Types of probability sampling • Simple random sampling • Systematic random sampling • Stratified sampling
Probability sampling • Simple random sampling • Every element in the population will have an equal chance of being selected. • Tables of random number or computer generated random numbers are used.
Probability sampling • Systematic random sampling • Initial starting point is selected randomly, then every nth number on the list is selected. • Example: You wish to take a sample of 1,000 from a list consisting of 200,000 names.

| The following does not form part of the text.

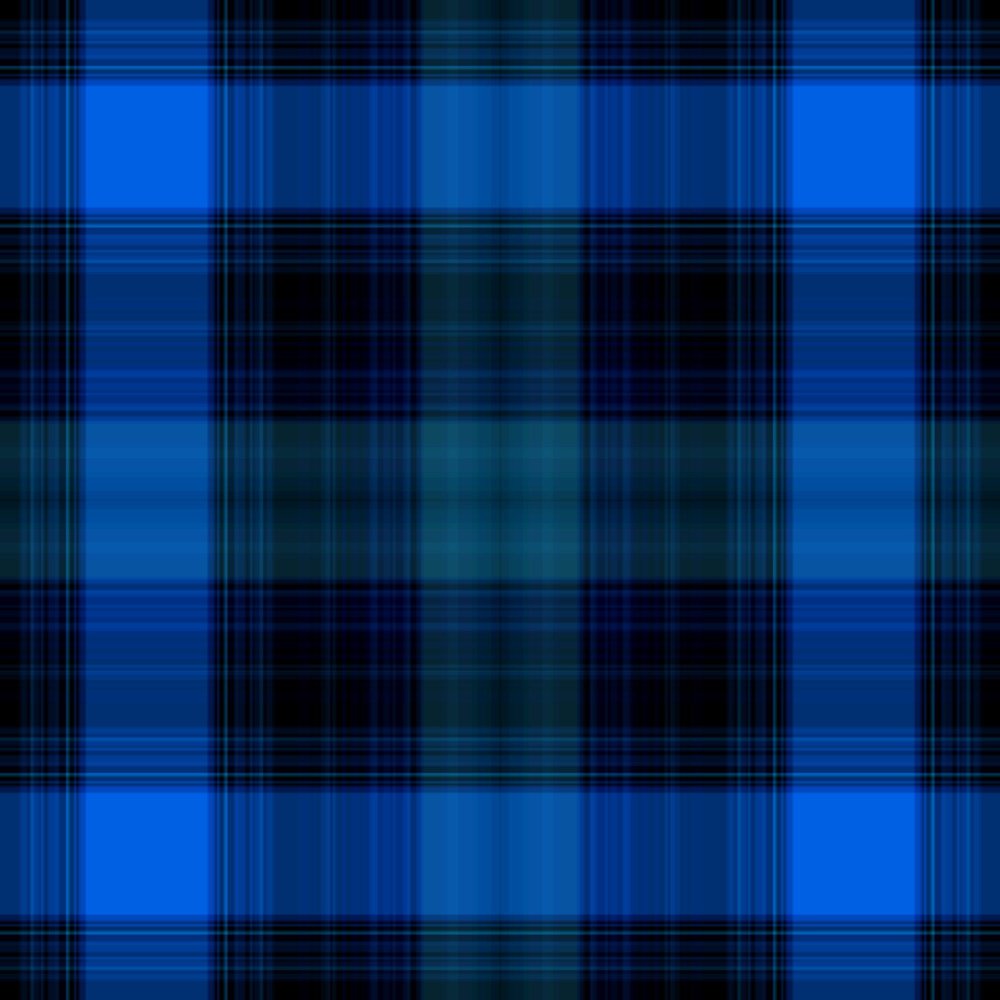 Синяя клетка текстура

Using systematic selection, every 200th name from the list will be drawn. -- sampling interval = 200 -- 200,000/1,000 = 200
Probability sampling • Stratified sampling • Break population into groups or strata and then take random sample within each group. • Treat each stratum as a separate subpopulation for sampling purposes. • Strata are homogeneous within and heterogeneous between (or maximally different from each other).
Probability sampling • Stratified sampling • Proportionate stratified random sampling is done in proportion to the group’s representation in the population • Disproportionate stratified random sampling is a means of weighting a group’s representation in a sample to accommodate broader research objectives
Types of non-probability sampling • Convenience sampling • Judgment (Purposive) sampling • Quota sampling • Snowball sampling
Non-probability sampling • Convenience sampling • Take what is available. • Used in exploratory situations or non-generalization research (e.g., experimental research)
Non-probability sampling • Judgment (Purposive) sampling • Choose people to achieve a specific analytical objective, typically to make certain that there are sufficient numbers of elements. • But, doesn’t consider characteristics of the target population.
Non-probability sampling • Quota sampling • Selected purposively in such a way that the characteristics of interest are “represented” in the sample in the same proportion as they are in the population.
Non-probability sampling • Snowball sampling • Subsequent respondents are obtained through initial respondent referrals. • Used to locate rare populations by referrals.